Il a fallu presque deux ans et demi à ma fille pour « faire ses nuits », c’est à dire pour pouvoir se rendormir seule sans avoir besoin de nous appeler pour qu’on vienne la rassurer. Deux ans et demi au bout desquels elle a compris qu’on sera toujours là pour elle, deux ans et demi pour qu’elle puisse « se débrouiller seule », pour qu’elle ait confiance, soit sereine. Ca ne me paraît pas cher payé dans toute une vie pour faire un être humain plus heureux. Deux ans et demi, c’est long ? Mais ça me paraît aussi normal quand on se met à la place de l’enfant. Il n’a pas le cadre de référence que nous avons. Il ne sait pas que demain viendra. Il ne sait, bébé, pas parler pour exprimer ce dont il a besoin. Tout ce qu’il a, c’est sa voix pour crier. J’ai faim, j’ai soif, j’ai peur, j’ai mal. Ou j’ai besoin d’affection. Personnellement, à mon âge, si je fais un cauchemar la nuit, je me serre contre mon compagnon. Parfois même j’ai besoin de me relever, de marcher, de parler, de lire un peu.
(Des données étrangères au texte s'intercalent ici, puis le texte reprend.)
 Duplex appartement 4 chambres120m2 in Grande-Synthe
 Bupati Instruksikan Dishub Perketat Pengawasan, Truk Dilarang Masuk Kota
Un enfant ne peut faire ça. Un enfant n’est pas une machine qui doit « s’habituer ». Un enfant a des besoins qui doivent, selon moi, être satisfaits pour qu’il évolue en un être serein, qui n’aura pas une vision cynique de l’humanité, qui sera choqué par l’injustice parce qu’elle ne sera pas un sentiment qui lui aura été imposé dès la naissance et auquel il se sera habitué.

Un enfant qu’on laisse pleurer seul ne fait pas ses nuits parce qu’il a appris à se rendormir tout seul. Il arrêtera d’appeler parce qu’il aura compris que personne ne viendra, parce qu’il aura perdu la confiance, parce qu’il se sera blindé, parce qu’il pleurera tout seul. Des études ont prouvé que les hormones de stress que l’enfant produit lorsqu’il pleure la nuit continuent d’être sécrétées s’il ne pleure pas : il a les mêmes sentiments d’angoisse, mais les garde pour lui.

Je ne suis plus étonnée de voir le monde dur dans lequel nous vivons, d’observer des gens enjamber des sans-abris dans la rue, être indifférents, égoïstes, agressifs, violents, durs. « Débrouille-toi seul dans la vie, ne compte sur personne, sois fort, sois dur ». Et ça commence dès la naissance : pleure, personne ne viendra, ta détresse ne compte pas.